*Task*: For the entries that follow, produce an exact copy with no pictures in it.

*Material for this exercise*:
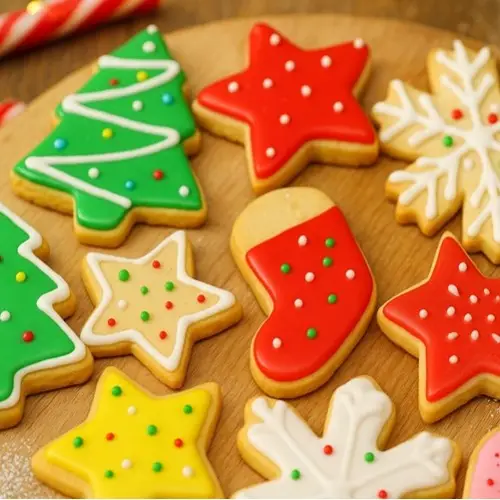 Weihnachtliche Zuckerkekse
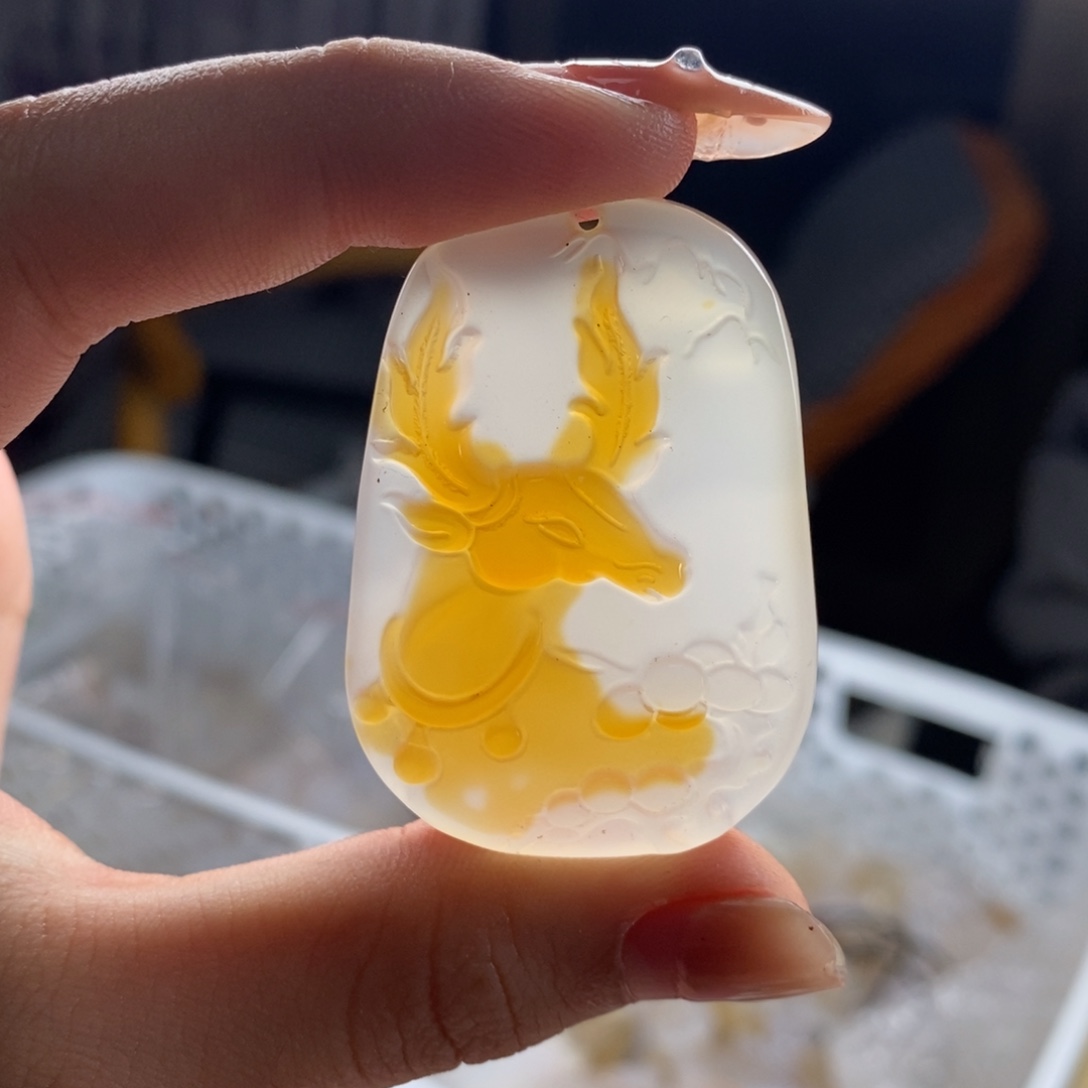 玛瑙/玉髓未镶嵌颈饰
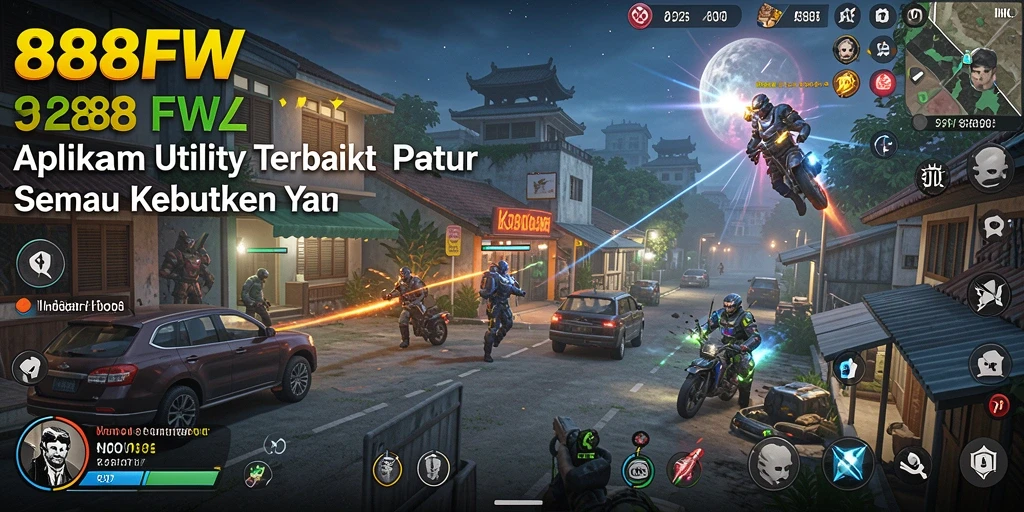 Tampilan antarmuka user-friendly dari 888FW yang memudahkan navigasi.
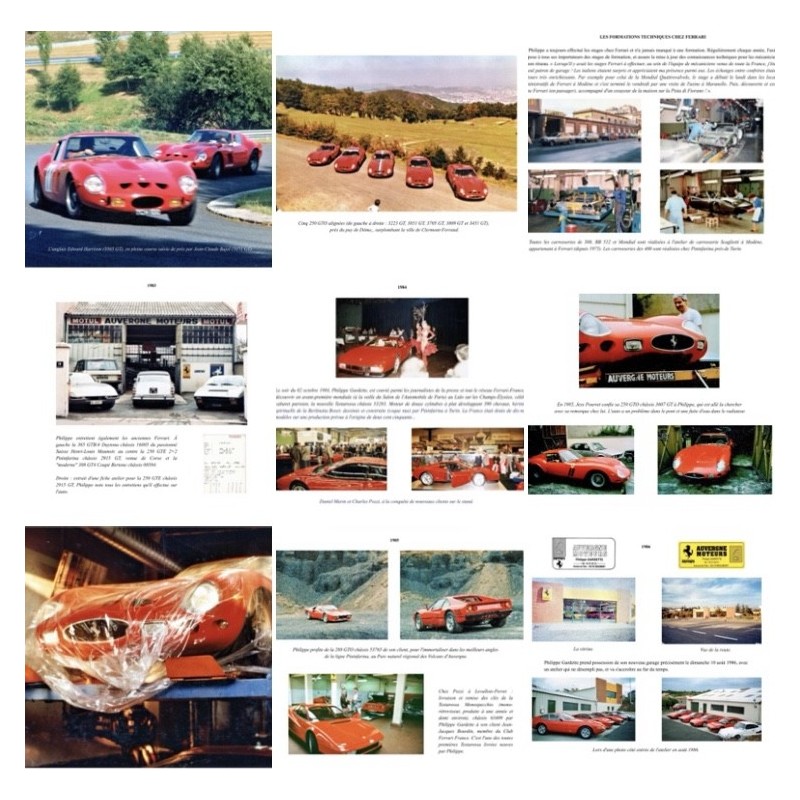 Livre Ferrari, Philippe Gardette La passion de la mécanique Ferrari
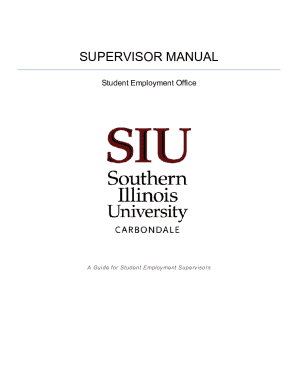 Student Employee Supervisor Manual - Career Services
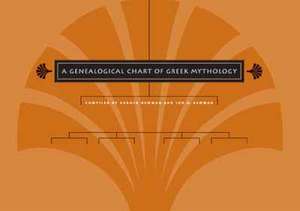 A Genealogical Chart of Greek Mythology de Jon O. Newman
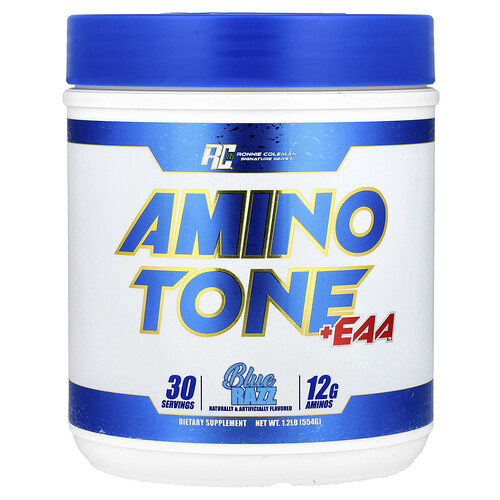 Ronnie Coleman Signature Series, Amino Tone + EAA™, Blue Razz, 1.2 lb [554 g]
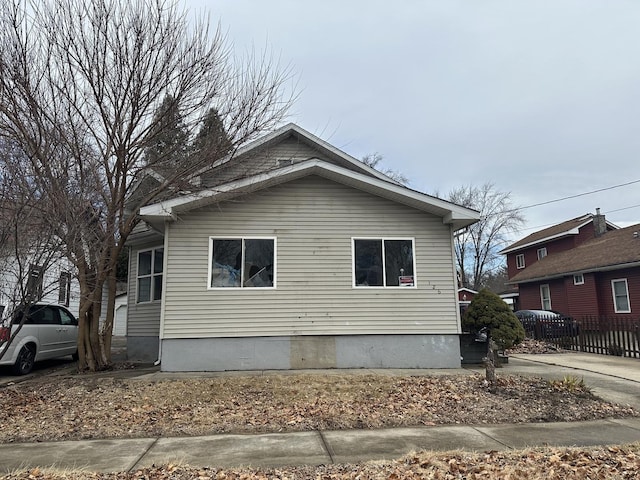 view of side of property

*Reply to the exercise*:
 Weihnachtliche Zuckerkekse
 玛瑙/玉髓未镶嵌颈饰
 Tampilan antarmuka user-friendly dari 888FW yang memudahkan navigasi.
 Livre Ferrari, Philippe Gardette La passion de la mécanique Ferrari
 Student Employee Supervisor Manual - Career Services
 A Genealogical Chart of Greek Mythology de Jon O. Newman
 Ronnie Coleman Signature Series, Amino Tone + EAA™, Blue Razz, 1.2 lb [554 g]
 view of side of property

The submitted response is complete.